I feel I am being controlled and manipulated (my own sick choice) by
him acting loving, kind and supportive, then doing something in the saboteur
area to pull me off emotional balance, then when I tell the truth of what I
see and attempt to keep things honest and open, he denies, deflects, acts
hurt and blames it all on me.
4.
How
have you left previous relationships?
I have left all my relationships because I outgrew them. I choose
people I care for, then I leave them because due to there integrity, anger
projections, and that they do not want to grow and change, I keep on moving
and I finally let go!!
5.
Please
explain why you mentioned that you've "been separated for 6 years with
no reconciliation".
He will not settle with me on the financial issue because he thinks
he deserves more. He sees no value in my being a good devoted mom, he makes
more because I put the kids first and that keeps me in less a place to go
for overkill on money, he spends no time on anything other than his wants,
needs, I work keep up the home and raise my kids and have been a student in
spiritual, emotional, physical, soul healing for 15 years.
6. Please
explain your comment about "my semi-need to be,
x-boyfriend".
My boyfriend is the one in business (for 4 years, we have the
relationship I explained earlier).
7. Please
explain what you mean by "my self allowed and manipulated life".
I feel like I get caught off balance when I have to many
irons in the fire and they seem to love to take energy by pulling off these
childless games of control.
8.
How
do you describe inner strength?
Inner
strength comes when I take time to learn, travel, go to the course in
miracles, somewhere I let them get away with more than anyone else in
my entire life!!
9. Give
some examples of where/when you feel you don't have inner strength.
How do you give away your power and when do you feel you have
power?
When I share to much of my time and energy on them and not me.
Probably working alone where I have my own healing place.
10.
How
would you describe yourself spiritually and emotionally? Give negatives and positives.
I am so interested in everything to do with spiritual healing (who we
really are I PROBABLY NEED TO HAVE MY EMOTIONAL AND PHYSICAL SELF CATCH UP.
Emotionally, I need to heal the most. I think my inner child
issues draws emotionally immature mirrors of relationship to me
.

The Counseling Response
From
what you've written, you recognize you have some
emotional issues that you can’t completely identify and don't know what to do to release them and move closer to your spiritual center. One
way to view relationships is that they give us endless opportunities to
work on ourselves and grow from them. They get frustrating when we can’t
recognize what we need to continue our own growth. Relationships act as a mirror
so that we can see what our own unresolved
issues are. Unresolved issues are generally patterns of behavior that no
longer work for us. The trick is to identify what patterns are currently
repeating themselves in your life that you want to change.
You
say you have a hard time letting go of relationships, that you feel
responsible for the person you're in relationship with.
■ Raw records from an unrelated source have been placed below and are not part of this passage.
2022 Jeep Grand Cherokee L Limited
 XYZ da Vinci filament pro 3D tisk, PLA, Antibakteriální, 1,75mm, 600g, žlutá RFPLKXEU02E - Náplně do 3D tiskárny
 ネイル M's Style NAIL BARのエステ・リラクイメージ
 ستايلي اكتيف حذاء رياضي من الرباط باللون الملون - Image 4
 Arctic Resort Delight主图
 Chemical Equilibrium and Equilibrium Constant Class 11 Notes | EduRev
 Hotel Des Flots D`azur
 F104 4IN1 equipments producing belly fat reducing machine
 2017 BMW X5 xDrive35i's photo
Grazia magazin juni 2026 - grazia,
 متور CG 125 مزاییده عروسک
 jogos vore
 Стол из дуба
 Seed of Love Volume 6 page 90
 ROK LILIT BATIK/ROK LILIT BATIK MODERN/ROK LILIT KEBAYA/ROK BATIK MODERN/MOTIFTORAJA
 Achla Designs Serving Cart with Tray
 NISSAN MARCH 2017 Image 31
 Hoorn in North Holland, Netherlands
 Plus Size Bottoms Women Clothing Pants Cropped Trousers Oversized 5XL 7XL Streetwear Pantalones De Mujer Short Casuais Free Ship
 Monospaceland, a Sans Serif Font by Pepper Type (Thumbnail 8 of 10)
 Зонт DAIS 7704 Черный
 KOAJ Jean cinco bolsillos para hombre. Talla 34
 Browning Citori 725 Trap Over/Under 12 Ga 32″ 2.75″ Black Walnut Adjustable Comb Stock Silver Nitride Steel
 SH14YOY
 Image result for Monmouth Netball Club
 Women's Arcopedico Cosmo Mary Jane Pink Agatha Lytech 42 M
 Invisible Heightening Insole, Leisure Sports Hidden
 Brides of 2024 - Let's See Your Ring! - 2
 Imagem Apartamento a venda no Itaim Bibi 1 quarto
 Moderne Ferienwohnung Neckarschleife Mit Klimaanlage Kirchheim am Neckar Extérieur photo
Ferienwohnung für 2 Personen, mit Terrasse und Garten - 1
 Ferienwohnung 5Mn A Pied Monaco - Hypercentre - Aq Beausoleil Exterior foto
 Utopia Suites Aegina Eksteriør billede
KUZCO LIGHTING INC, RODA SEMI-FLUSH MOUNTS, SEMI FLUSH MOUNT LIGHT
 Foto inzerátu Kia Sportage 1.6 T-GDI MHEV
You need to change
your focus so that you pay more attention to what your own needs are, not the
needs of the other person. In a healthy relationship, each partner
understands that they are responsible for their own happiness.
Many
people feel that unless they focus on “giving” in a relationship, they
are not a good partner, judging themselves as being selfish. You sacrifice what you want or need to keep your partner
happy. The converse is true, where people feel that their
partner should put effort into making them happy. We actually
put a price on our partners by saying “I did this for you, so now you owe me
that”. This creates a pressure-filled situation, where
expectations are placed on each other to keep each other happy. This kind of a relationship creates resentment.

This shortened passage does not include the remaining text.